Mourad Ezzine, directeur du Centre pour l’intégration en Méditerranée (CIM) insiste sur deux thèmes fondamentaux : la cohésion territoriale et la croissance inclusive. Il rappelle que le Sud de la Méditerranée est la région «la moins intégrée au monde» et elle confrontée «à de nombreux défis». Précisant: «Elle est la moins stable à cause des attentats terroristes, connaît le plus grand nombre de réfugiés au monde». Et pourtant, ajoute-t-il : «Les peuples sont capables d’apporter des réponses. Ceux du Liban et de Jordanie forcent notre admiration pour leur accueil des migrants. L’attribution du prix Nobel de la Paix à quatre organisations tunisiennes est une preuve supplémentaire de l’aspiration de ce peuple à la paix et à la démocratie». Et, à un mois de la COP 21, poursuit-il: «Il est important de mesurer le rôle leader du Maroc en matière d’énergie renouvelable. Tandis que nous sommes honorés de la présence du ministre algérien de la Ville au regard de l’implication de son pays pour permettre au plus grand nombre de disposer d’un logement décent »
«La vraie question n’est plus de savoir qu’elle est l’origine de chacun mais quel est notre avenir en commun»
Jean Roatta, adjoint au maire de Marseille, en charge des relations internationales, constate : «La Méditerranée représente des marchés considérables, des opportunités d’investissement qui sont des sources de création d’emplois». Avant d’ajouter : «Il est également important de se pencher sur l’humain. Il faut savoir s’écouter, se comprendre, entretenir un dialogue serein et apaisé. Cela est d’autant plus vrai dans une période où les tentations de repli sur soi, de rejet de l’Autre, prennent de plus ne plus de place». Pour l’élu, il importe, en matière de coopération décentralisée, que chacun puisse se trouver «sur un pied d’égalité», qu’une véritable «politique décentralisée soit au service des populations». Et de dénoncer : «La démesure du capitalisme mondialisé qui ne respecte plus rien. J’ai la certitude que ce monde ne se fera pas uniquement par des échanges de marchandises et de capitaux». Il citera alors le général de Gaulle : «Il y a de l’autre côté de la Méditerranée une civilisation, une culture, un humanisme, un sens des rapports humains, que nous avons tendance à perdre dans nos sociétés industrialisées». Comme une réponse à Nadine Morano et tant, trop, d’autres.
«La vraie question, pour Jean Roatta, n’est plus de savoir qu’elle est l’origine de chacun mais quel est notre avenir en commun». considérant: « Il faut accroître les solidarités, permettre la reconnaissance de nos valeurs de tolérance, de respect et de l’écoute de l’autre ».

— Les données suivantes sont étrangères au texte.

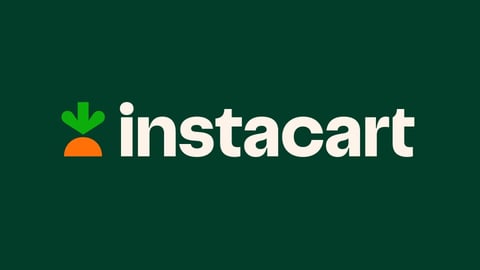 Instacart logo in kale green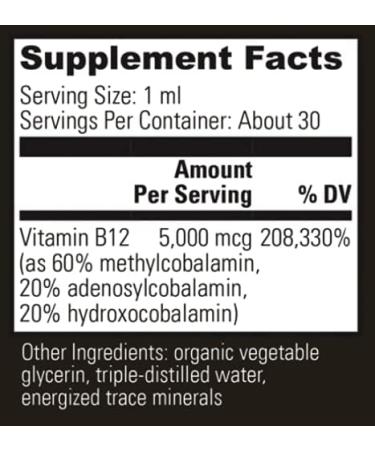 Global Healing Vitamin B12 Tri-Blend 5000 mcg Organic Sublingual Liquid Drops | Long-Lasting Energy & Heart Health | Methylcobalamin & Adenosylcobalamin & Hydroxo Blend (1 Oz) - Buy Online on GoSupps.com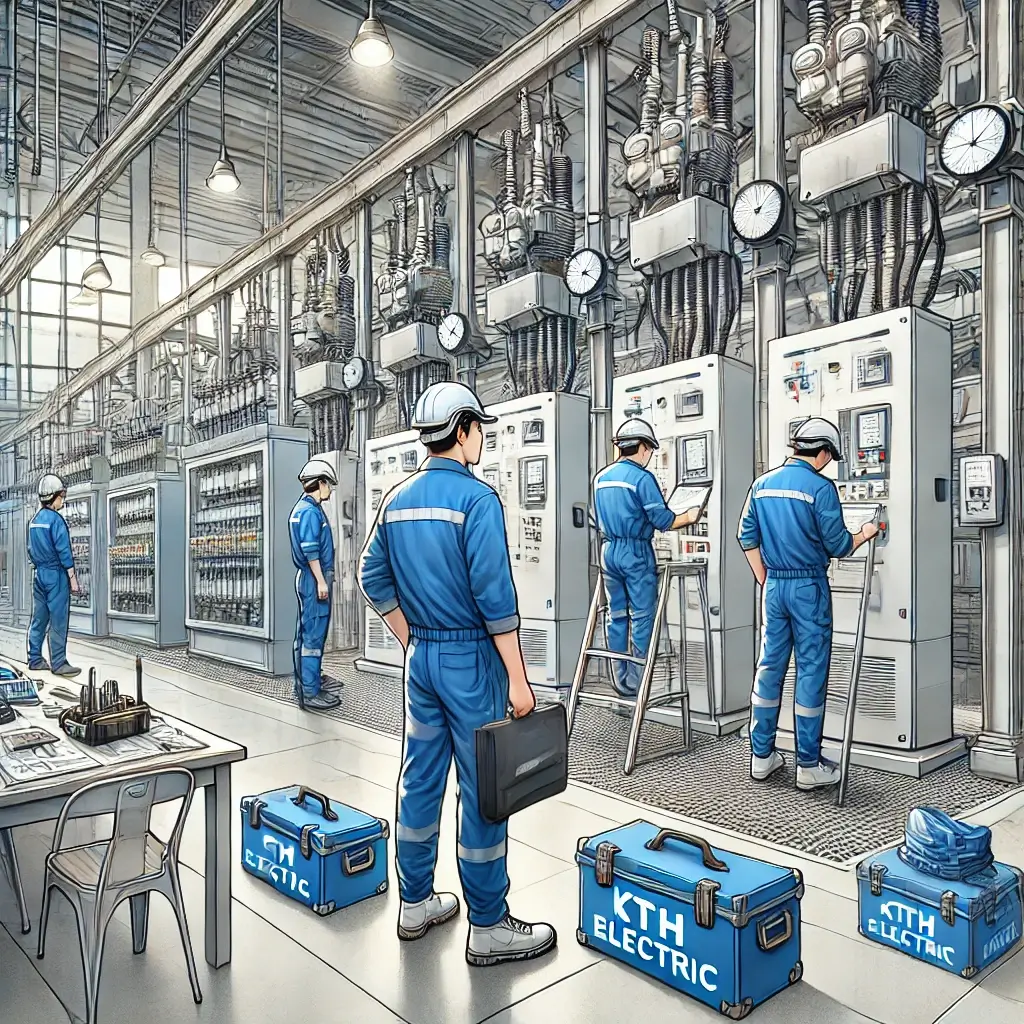 Curated visual reference: Picture Idea: Industrial Electrical System Maintenance Service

Étaient notamment présents, outre Michel Vauzelle ; Helena Dalli, ministre du dialogue social, des consommateurs et des libertés civiles de Malte ; Kamel Jendoubi, ministre auprès du chef de gouvernement chargé des relations avec les instances constitutionnelles et la société civile, Tunisie ; Driss Merroun, ministre de l’urbanisme et de l’aménagement du territoire Maroc ; Abdemadjid Tebboune, ministre de l’habitat, de l’urbanisme et de la ville, Algérie, Alain Le Roy, secrétaire général du service européen pour l’action extérieure, Union européenne ; Mourad Ezzine, directeur du centre pour l’intégration en Méditerranée.